ホームズをスランプに陥れる

ちょうどその時期にテレビドラマでもシリーズが放映されていたので、原作とドラマ両方で楽しんでいましたね。子どもの頃は、台詞を全部暗記するくらいドラマに釘付けになっていて、ホームズよりも僕が先に台詞を言ってしまうので親に嫌がられました。(笑)

だから、本作を執筆している最中も無意識でドラマの台詞が出てきてしまって。原作をベースに書いているので、そこはできるだけ削るように心がけました。
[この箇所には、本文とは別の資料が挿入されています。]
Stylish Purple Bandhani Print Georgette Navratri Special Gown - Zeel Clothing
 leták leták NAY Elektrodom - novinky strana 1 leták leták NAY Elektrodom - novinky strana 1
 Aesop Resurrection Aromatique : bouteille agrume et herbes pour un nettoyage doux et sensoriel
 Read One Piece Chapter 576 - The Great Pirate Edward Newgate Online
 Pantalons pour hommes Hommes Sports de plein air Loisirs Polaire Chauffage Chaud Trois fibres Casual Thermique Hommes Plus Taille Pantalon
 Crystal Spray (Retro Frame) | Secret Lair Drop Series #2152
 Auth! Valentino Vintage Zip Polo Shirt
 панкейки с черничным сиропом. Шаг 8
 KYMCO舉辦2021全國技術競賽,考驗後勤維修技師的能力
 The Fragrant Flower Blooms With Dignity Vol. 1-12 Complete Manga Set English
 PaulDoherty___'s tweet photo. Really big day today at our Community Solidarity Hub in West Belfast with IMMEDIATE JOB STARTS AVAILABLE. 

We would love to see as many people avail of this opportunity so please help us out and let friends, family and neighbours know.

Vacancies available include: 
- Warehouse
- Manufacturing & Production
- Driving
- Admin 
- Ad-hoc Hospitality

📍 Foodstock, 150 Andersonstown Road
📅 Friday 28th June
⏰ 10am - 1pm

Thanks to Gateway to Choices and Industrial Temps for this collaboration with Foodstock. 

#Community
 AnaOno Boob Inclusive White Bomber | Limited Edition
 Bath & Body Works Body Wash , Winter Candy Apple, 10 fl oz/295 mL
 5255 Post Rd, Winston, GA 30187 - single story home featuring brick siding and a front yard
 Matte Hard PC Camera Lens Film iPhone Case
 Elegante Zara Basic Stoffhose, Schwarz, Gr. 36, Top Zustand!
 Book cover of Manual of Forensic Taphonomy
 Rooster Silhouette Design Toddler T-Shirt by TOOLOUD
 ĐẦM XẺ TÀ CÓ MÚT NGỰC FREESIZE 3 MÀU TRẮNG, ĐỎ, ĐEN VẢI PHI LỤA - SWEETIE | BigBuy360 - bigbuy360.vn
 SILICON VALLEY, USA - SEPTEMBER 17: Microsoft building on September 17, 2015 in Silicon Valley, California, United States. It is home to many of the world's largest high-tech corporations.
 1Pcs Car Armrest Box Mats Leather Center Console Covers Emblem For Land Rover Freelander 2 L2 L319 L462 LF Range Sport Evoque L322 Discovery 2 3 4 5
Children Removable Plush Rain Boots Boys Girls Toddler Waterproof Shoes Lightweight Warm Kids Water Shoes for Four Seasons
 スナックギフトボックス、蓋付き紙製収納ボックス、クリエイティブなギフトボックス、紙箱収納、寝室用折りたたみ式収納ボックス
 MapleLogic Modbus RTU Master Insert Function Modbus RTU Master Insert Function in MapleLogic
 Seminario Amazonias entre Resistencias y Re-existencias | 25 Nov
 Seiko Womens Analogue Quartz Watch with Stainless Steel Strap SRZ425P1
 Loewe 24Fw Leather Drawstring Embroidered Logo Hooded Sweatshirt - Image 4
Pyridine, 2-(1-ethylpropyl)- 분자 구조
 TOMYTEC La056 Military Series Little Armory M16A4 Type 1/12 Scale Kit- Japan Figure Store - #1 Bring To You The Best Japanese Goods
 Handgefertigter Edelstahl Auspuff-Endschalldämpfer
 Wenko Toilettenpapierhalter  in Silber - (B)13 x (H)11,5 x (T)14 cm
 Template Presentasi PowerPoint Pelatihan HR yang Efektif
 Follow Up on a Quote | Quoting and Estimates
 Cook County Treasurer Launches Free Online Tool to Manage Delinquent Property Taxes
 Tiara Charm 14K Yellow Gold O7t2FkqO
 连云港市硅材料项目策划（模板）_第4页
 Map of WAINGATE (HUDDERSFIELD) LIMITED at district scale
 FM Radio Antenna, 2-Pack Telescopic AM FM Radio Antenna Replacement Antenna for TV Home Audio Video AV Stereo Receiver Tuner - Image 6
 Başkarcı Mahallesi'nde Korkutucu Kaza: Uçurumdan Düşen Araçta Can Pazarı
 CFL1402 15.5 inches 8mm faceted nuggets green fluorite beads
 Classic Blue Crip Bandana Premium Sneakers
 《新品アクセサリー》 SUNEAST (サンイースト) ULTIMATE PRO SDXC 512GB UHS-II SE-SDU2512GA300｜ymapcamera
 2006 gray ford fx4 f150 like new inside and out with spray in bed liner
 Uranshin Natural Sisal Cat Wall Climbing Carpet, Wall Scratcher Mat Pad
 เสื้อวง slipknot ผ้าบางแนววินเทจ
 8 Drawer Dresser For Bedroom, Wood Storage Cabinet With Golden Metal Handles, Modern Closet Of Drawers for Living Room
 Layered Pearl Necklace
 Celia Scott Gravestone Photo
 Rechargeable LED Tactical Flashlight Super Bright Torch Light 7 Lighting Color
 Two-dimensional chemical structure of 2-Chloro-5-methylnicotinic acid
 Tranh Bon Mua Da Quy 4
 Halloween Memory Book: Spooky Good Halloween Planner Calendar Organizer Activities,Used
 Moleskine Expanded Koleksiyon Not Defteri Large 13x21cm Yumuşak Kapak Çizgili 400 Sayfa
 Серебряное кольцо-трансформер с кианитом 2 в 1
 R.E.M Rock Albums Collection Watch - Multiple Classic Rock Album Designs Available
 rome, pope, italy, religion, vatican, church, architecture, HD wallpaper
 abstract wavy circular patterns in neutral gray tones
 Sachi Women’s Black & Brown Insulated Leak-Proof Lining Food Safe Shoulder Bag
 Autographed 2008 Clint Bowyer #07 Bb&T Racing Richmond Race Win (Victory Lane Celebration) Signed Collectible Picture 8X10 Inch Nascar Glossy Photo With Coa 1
とはいえ、僕自身はシャーロキアンといえるほど詳しいわけでもないんです。なので、「ホームズが名探偵で、ワトソンが相棒」という点さえわかっていれば、十分楽しめる物語になっていると思います。

仕事場の本棚の自著コーナー(写真提供◎森見さん)

それにしても、「シャーロック・ホームズ」の固有名詞は本当に強いですよね。これまでもいろんな人がシャーロック・ホームズを物語に登場させてきたけれど、これだけいろんな描きかたをされてきた人はいないのではないでしょうか。

『シャーロック・ホームズの宇宙戦争』では、宇宙人と戦ったりもしていますしね。だから、僕がホームズをスランプに陥れたところで大問題になることもないし、怒られることもないだろう、と。(笑)

ホームズはキャラクターの自由度がすごく高いんですよ。だからこそ、今回はこういう思い切った設定で執筆することができました。